## Task directions:
Nothing in the records should be changed in the copy, though the pictures must be left out.

## Records for the exercise:

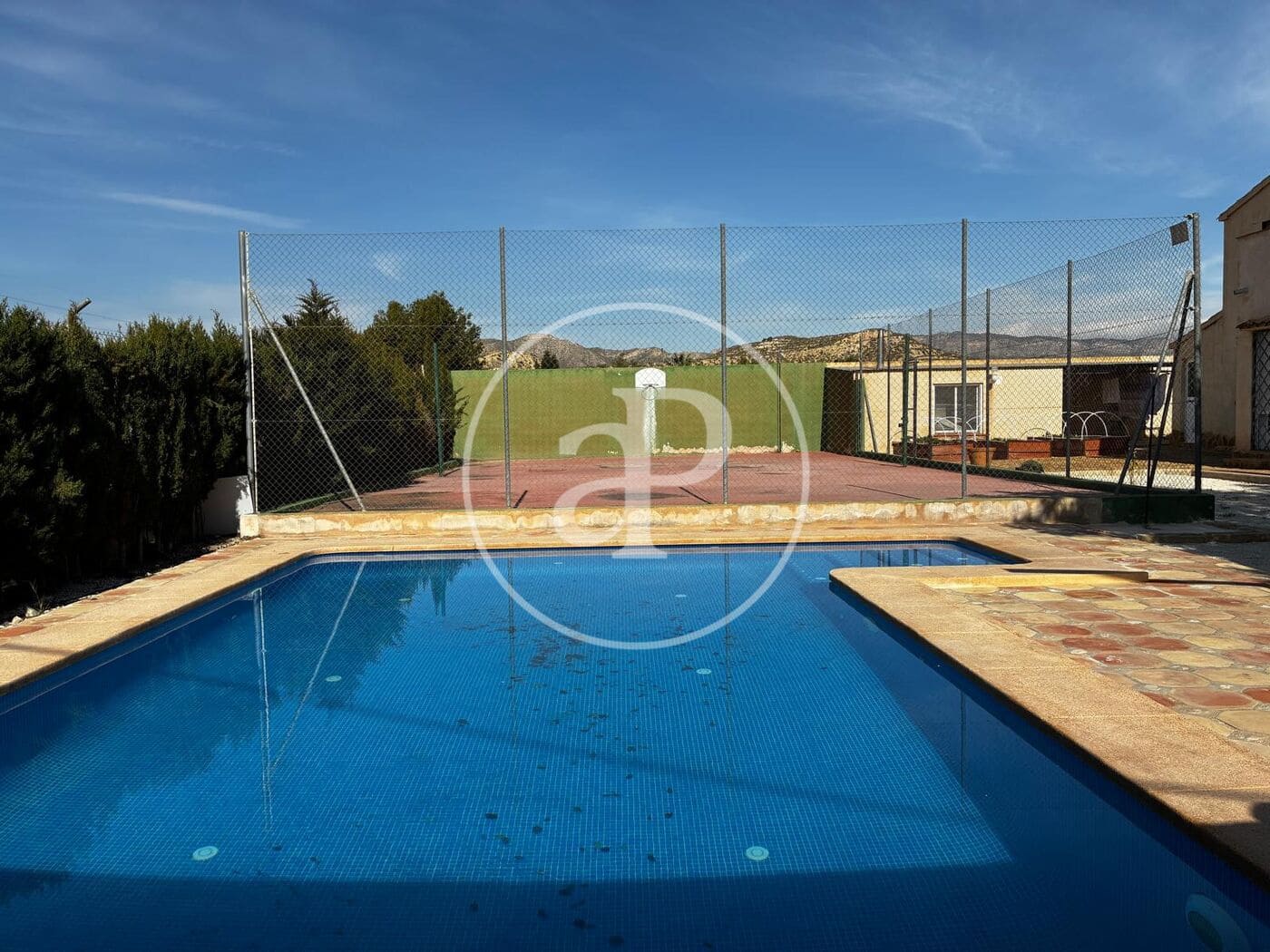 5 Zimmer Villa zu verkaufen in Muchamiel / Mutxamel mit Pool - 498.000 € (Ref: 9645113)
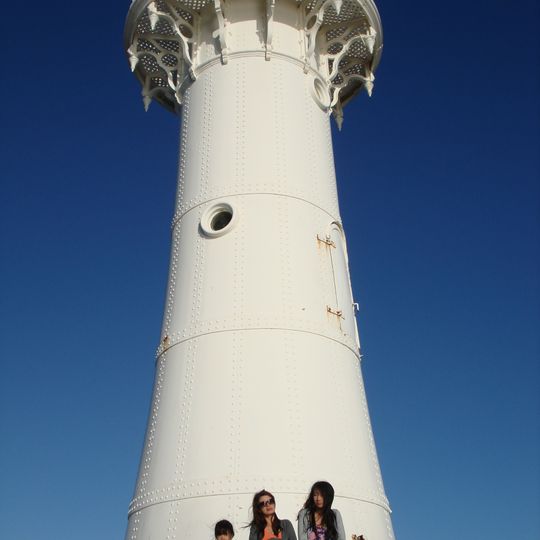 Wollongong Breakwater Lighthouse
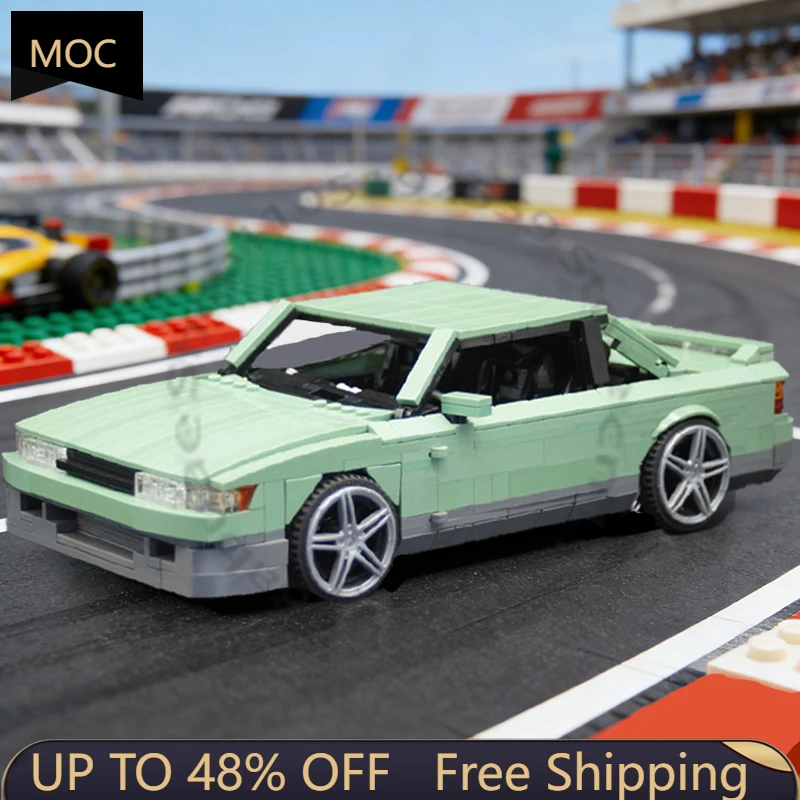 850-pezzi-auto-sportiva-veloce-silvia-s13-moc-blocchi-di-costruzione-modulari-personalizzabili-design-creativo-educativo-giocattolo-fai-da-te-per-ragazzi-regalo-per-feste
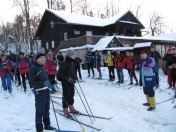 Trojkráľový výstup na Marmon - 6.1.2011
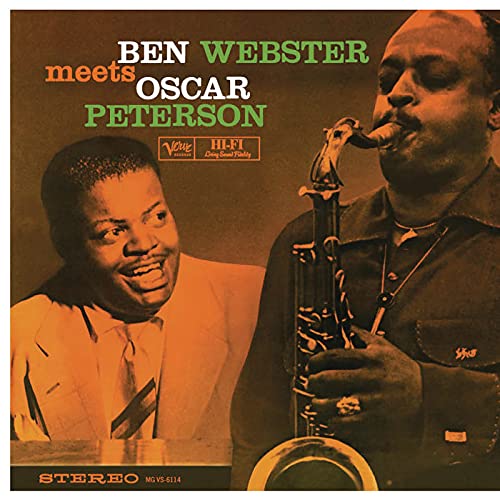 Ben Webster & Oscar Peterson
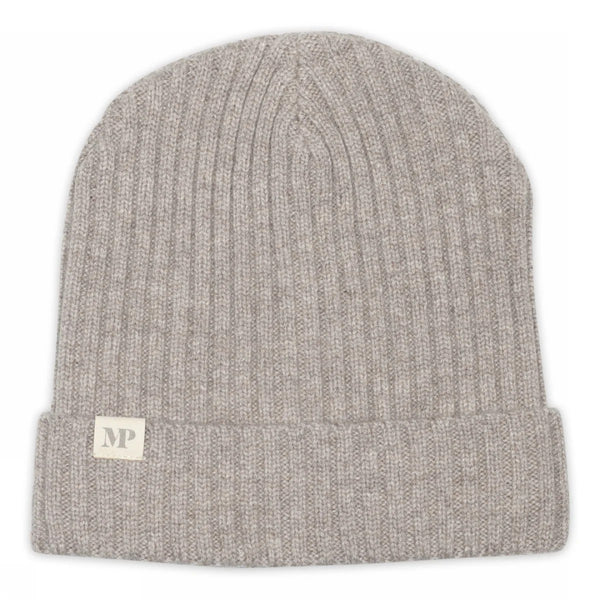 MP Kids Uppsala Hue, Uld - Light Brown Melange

## Result for this exercise:
 5 Zimmer Villa zu verkaufen in Muchamiel / Mutxamel mit Pool - 498.000 € (Ref: 9645113)
 Wollongong Breakwater Lighthouse
 850-pezzi-auto-sportiva-veloce-silvia-s13-moc-blocchi-di-costruzione-modulari-personalizzabili-design-creativo-educativo-giocattolo-fai-da-te-per-ragazzi-regalo-per-feste
 Trojkráľový výstup na Marmon - 6.1.2011
 Ben Webster & Oscar Peterson
 MP Kids Uppsala Hue, Uld - Light Brown Melange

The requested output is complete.